Task brief: Please output every line of the material as it stands, without the pictures.

Supplied information:
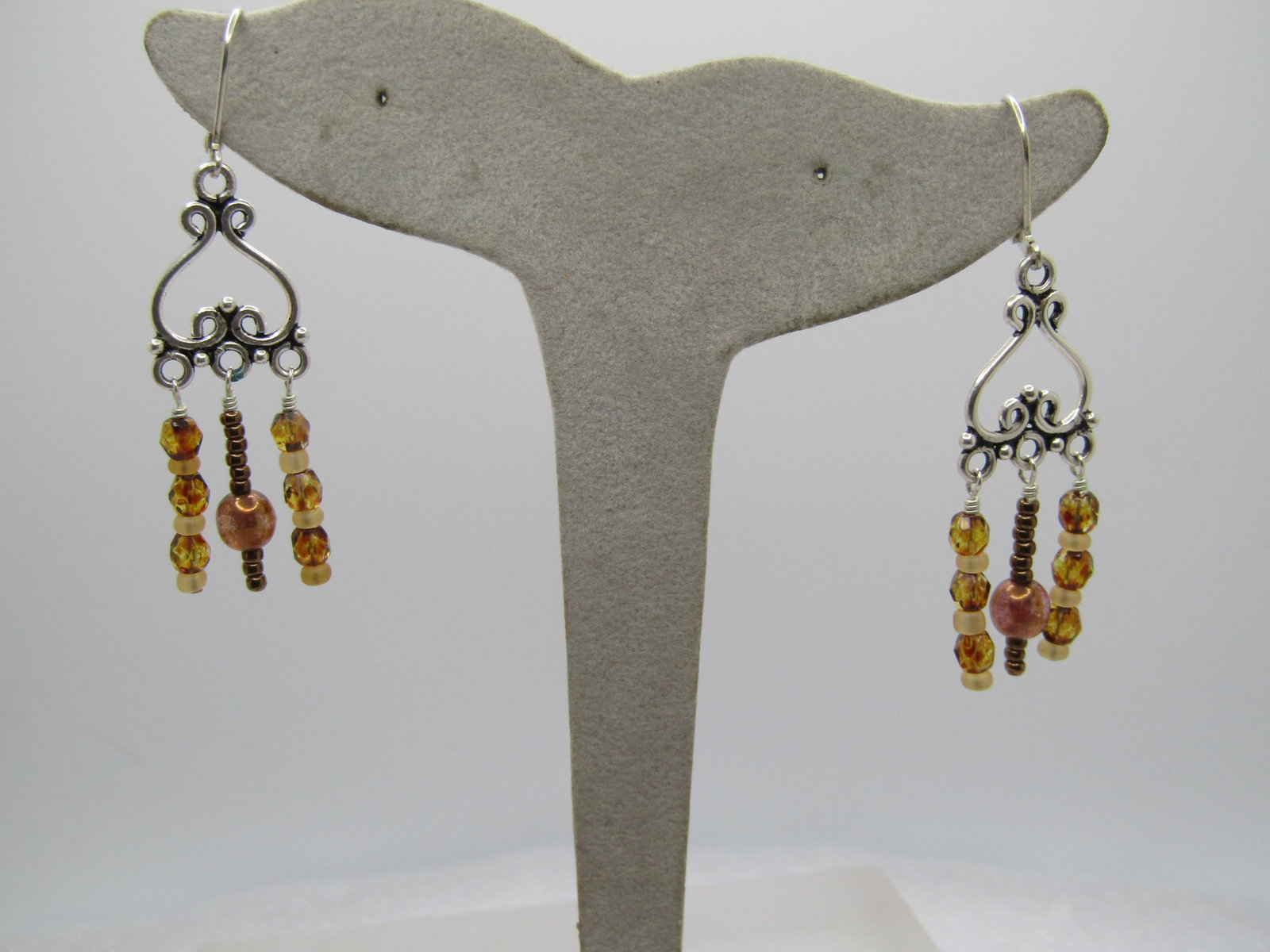 Silver Plated Chandelier Earrings, Leverback. 1990's - 3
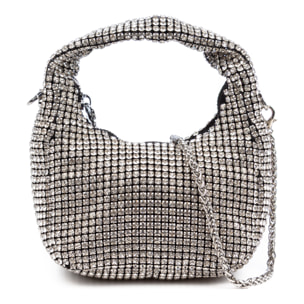 Baganza borsa da sera con pietre di zirconia di grado 5A, design a diamante con effetto lucido.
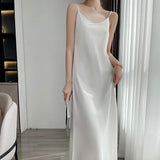 Nukty Tri-Acetate Satin Silky V-Neck Temperament Female Summer Beautiful Silk Suspender Dress New Long Skirt Is Thin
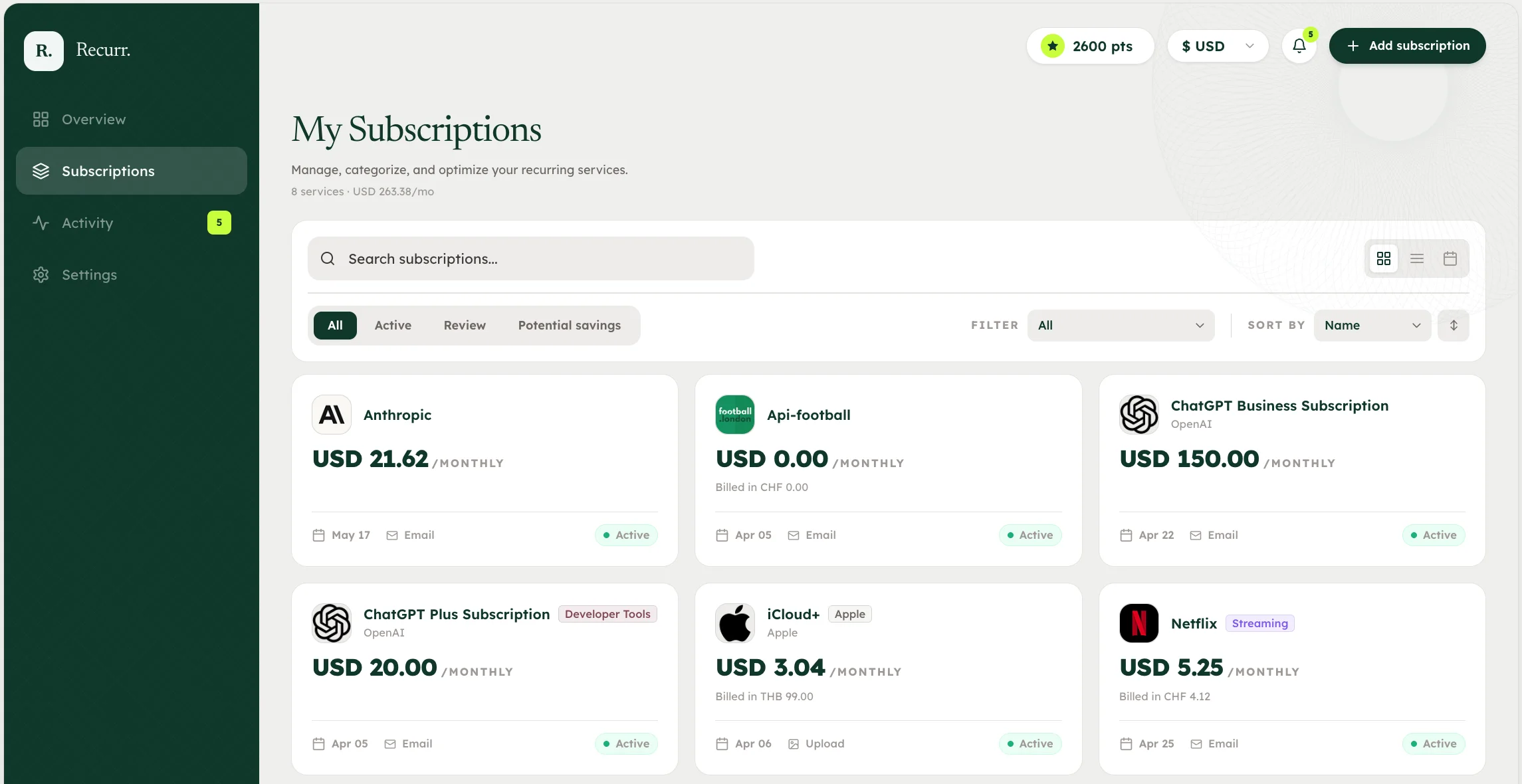 Recurr subscription dashboard with search, filters, and subscription cards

Answer to this exercise:
 Silver Plated Chandelier Earrings, Leverback. 1990's - 3
 Baganza borsa da sera con pietre di zirconia di grado 5A, design a diamante con effetto lucido.
 Nukty Tri-Acetate Satin Silky V-Neck Temperament Female Summer Beautiful Silk Suspender Dress New Long Skirt Is Thin
 Recurr subscription dashboard with search, filters, and subscription cards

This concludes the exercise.